> _AIM OF THE TASK_
Set the pictures aside and write down, exactly as they appear, the lines from the one containing "bactéries-inte" through the end of the material.

▽

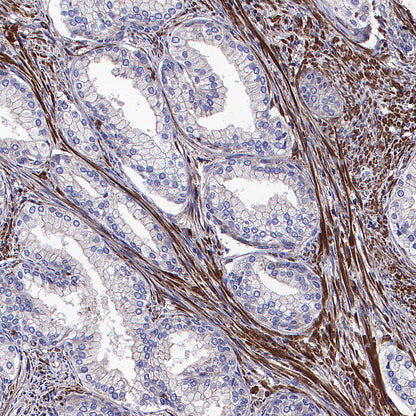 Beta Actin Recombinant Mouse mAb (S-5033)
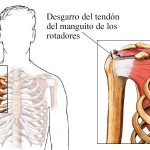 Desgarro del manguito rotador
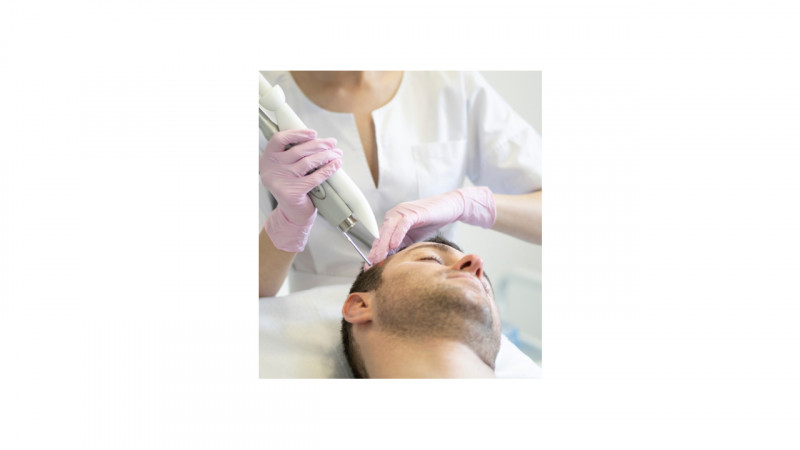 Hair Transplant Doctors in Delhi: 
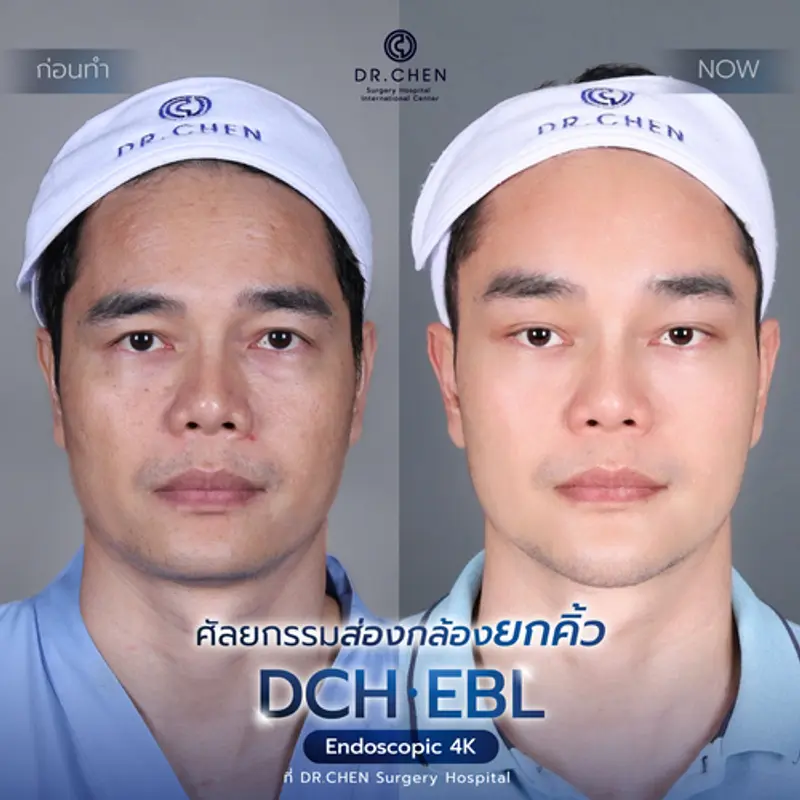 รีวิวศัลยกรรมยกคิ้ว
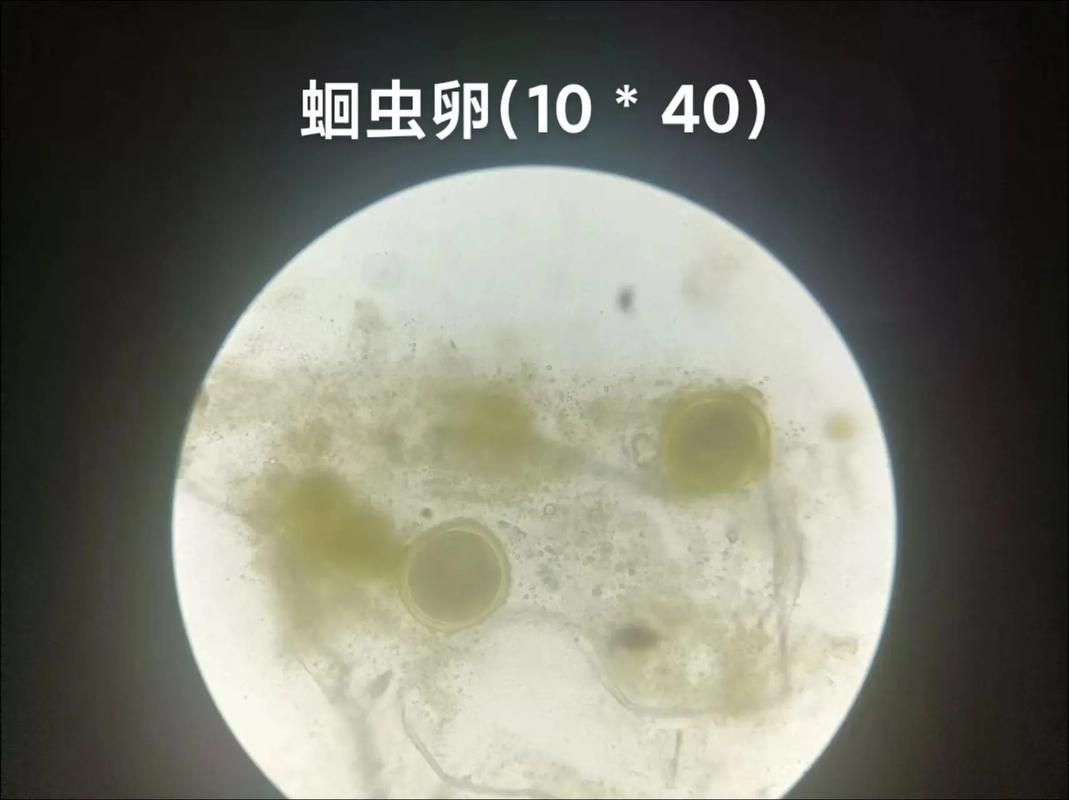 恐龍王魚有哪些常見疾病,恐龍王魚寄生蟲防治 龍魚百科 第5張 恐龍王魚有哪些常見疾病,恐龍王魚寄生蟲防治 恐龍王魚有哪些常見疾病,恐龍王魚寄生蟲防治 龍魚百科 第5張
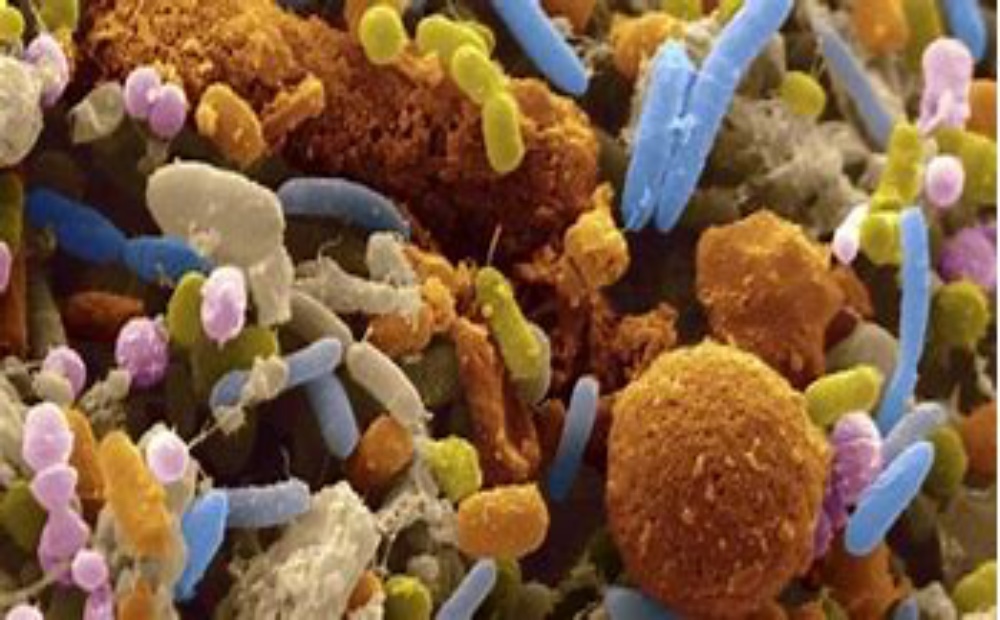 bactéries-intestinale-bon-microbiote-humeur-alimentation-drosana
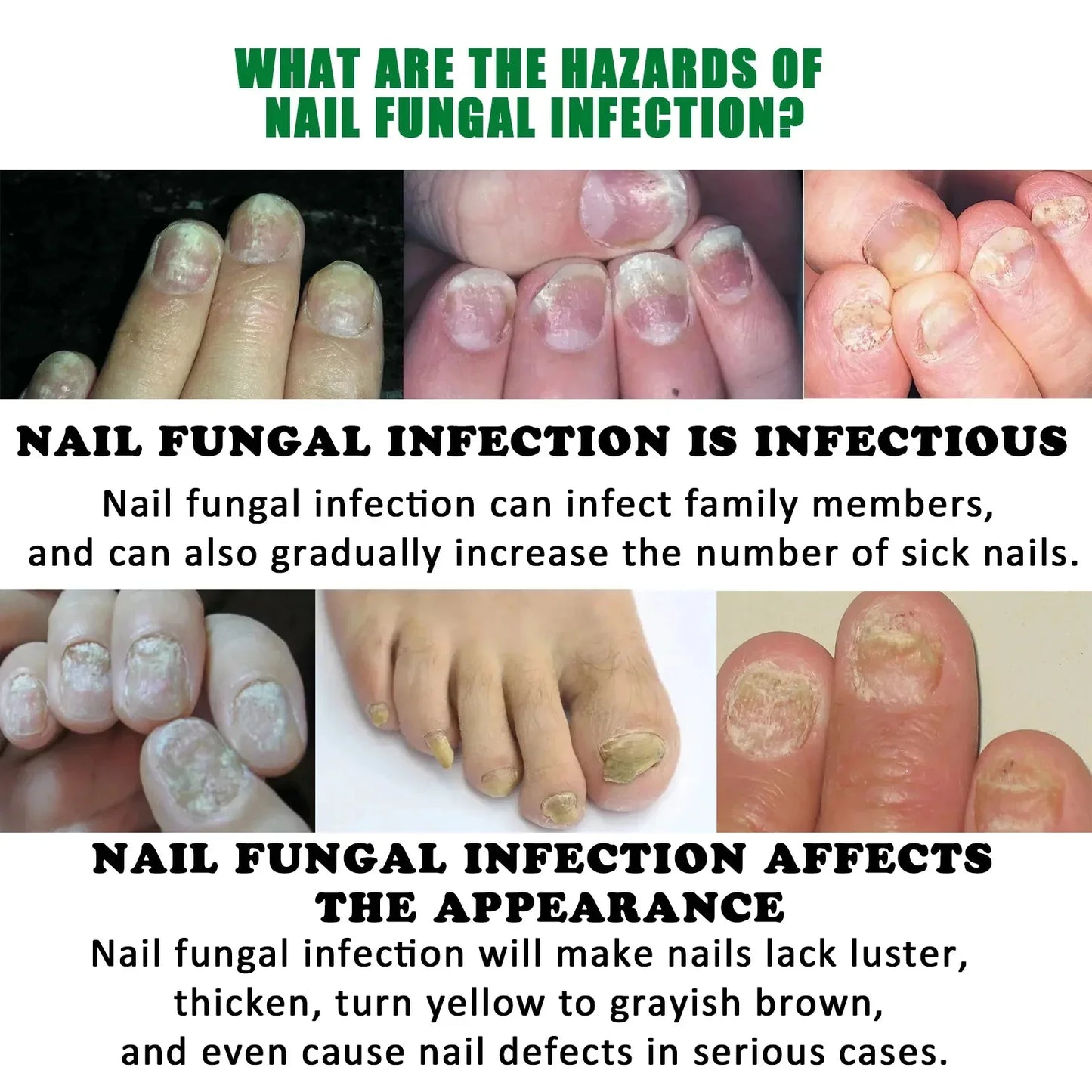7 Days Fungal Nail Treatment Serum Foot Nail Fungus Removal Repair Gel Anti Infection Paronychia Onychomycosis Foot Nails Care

△

> _EXERCISE RESULT_
 bactéries-intestinale-bon-microbiote-humeur-alimentation-drosana
7 Days Fungal Nail Treatment Serum Foot Nail Fungus Removal Repair Gel Anti Infection Paronychia Onychomycosis Foot Nails Care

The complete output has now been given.